I am trying PVC pipe and bird netting over my raisedbeds. This is my first year having chickens, and I am hoping they can leave the garden alone with the netting up. Plus it will keep the magpies off my vegetables too.

For a 4x8 bed I bought
2 10' ft PVC pipe 3/4"
1 10' ft PVC pipe 1/2" to cut in 1' lengths, pounded in the ground to support the 3/4" PVC.
1 7'x25" roll of bird netting.

This covered one box great with some leftover. I pounded nails in the garden bos to anchor the netting to. Stretch edit over the bent PVC and it has kept the out so far!
 
Update: I added either 2 or 3 strands of 17 gauge aluminum wire to the top of my 4 ft picket fence. This solved the problem in several ways.

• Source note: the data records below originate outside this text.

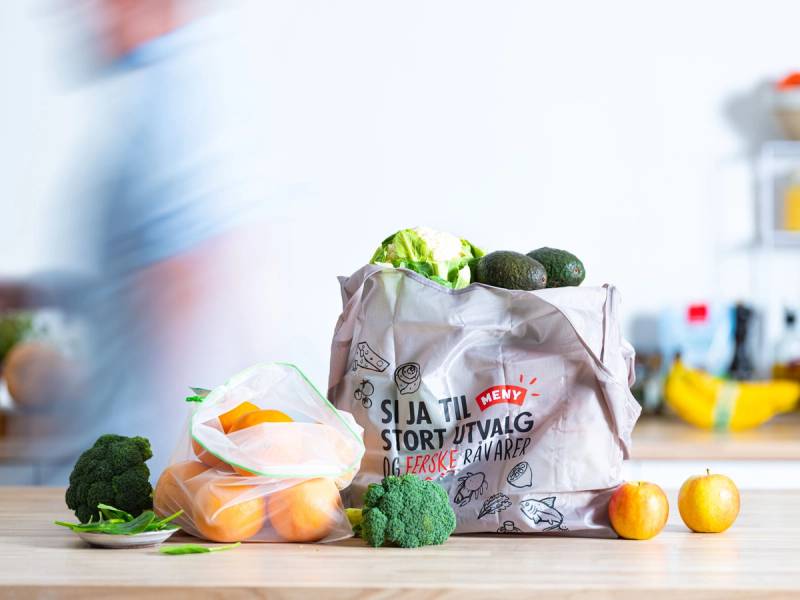 En gjenbrukspose fylt med grønnsaker og frukt på kjøkkenbenken, med en blå klesplagg i bakgrunnen.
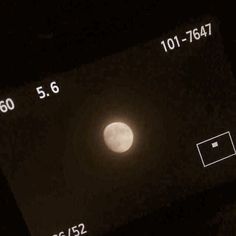 the moon is visible in the night sky with numbers and symbols on it's side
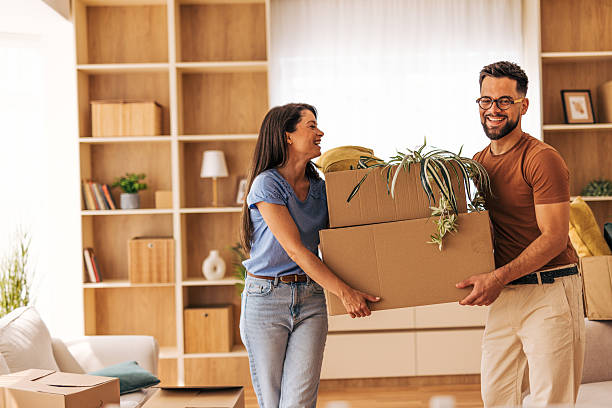 istock Happy couple carrying boxes and plants into new home 2220218789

First, because the birds would hop onto the fence posts and then hop down, the new additions to the tops of the posts block them from landing on the top of fence post. Second, if they try to fly right over the fence they hit the wire and harmlessly fall back (it's not electrified). The wire is too thin for them to see well so they aim for the picket fence and don't realize there's another 7-10 inches of clearance needed to get over the wire. I saw this happen once and I admit it was kinda funny. The chicken had no idea what she hit and kept pacing up and down staring at the top of the fence but unable to understand what she'd hit.

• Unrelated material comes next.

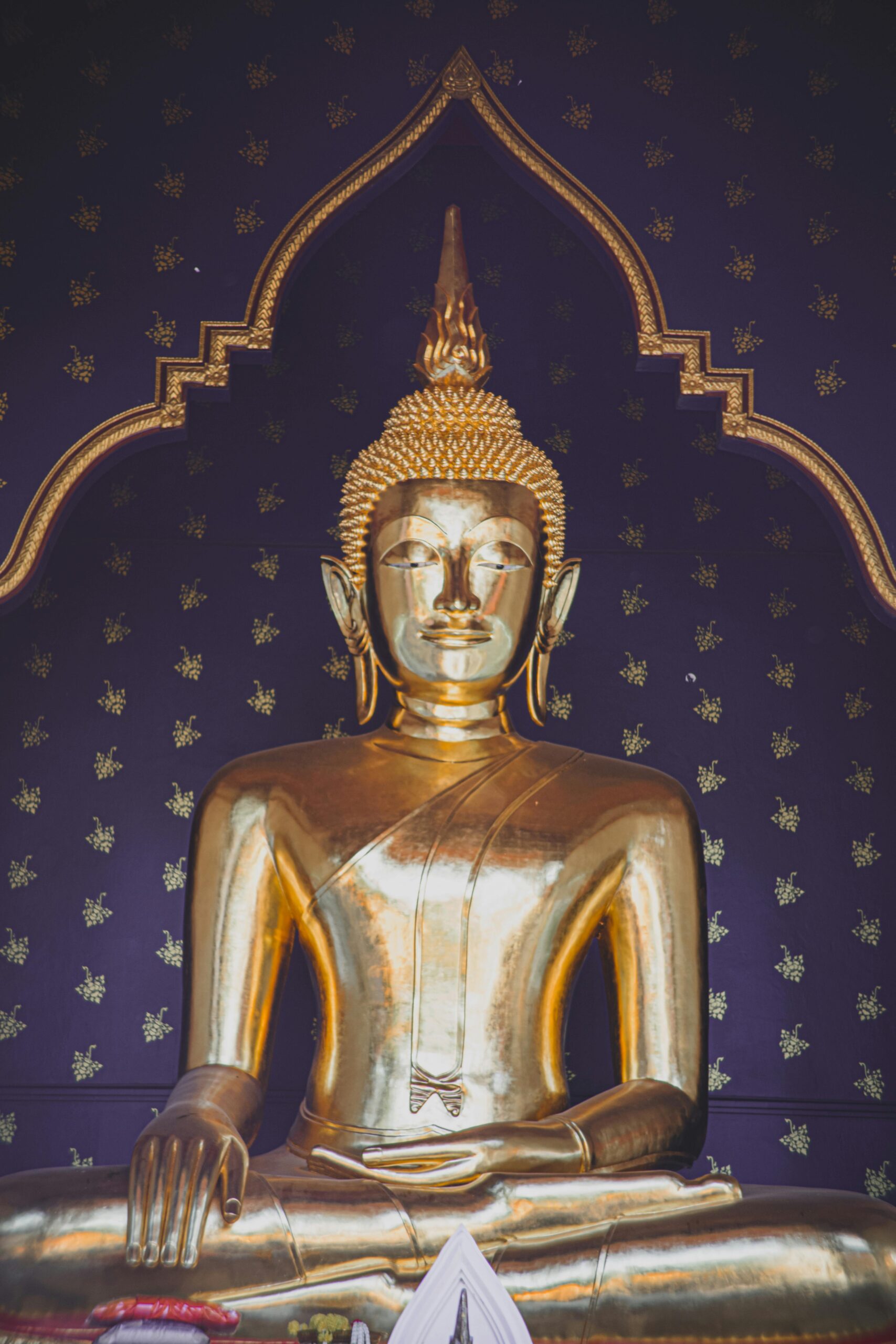 Stunning golden Buddha statue inside a traditional temple in Thailand, highlighting cultural spirituality.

I also added height to the two gates to the garden to close up those gaps, too. It was a good three days work but my garden has been chicken free for several days now and I'm relieved.
 
I like this idea for a daytime run behind a picket fence. It would look nicer than a typical chicken run in the backyard. How did you attach the wire exactly? Did you attach some kind of rod to the existing fenceposts?

I put plastic fence netting from Walmart around my big garden and held it up with plastic electric fence posts. It was cheap, keeps them out and I can roll it up and store it after the garden season is over. Also, I can get the tractor back in to till it up afterwards.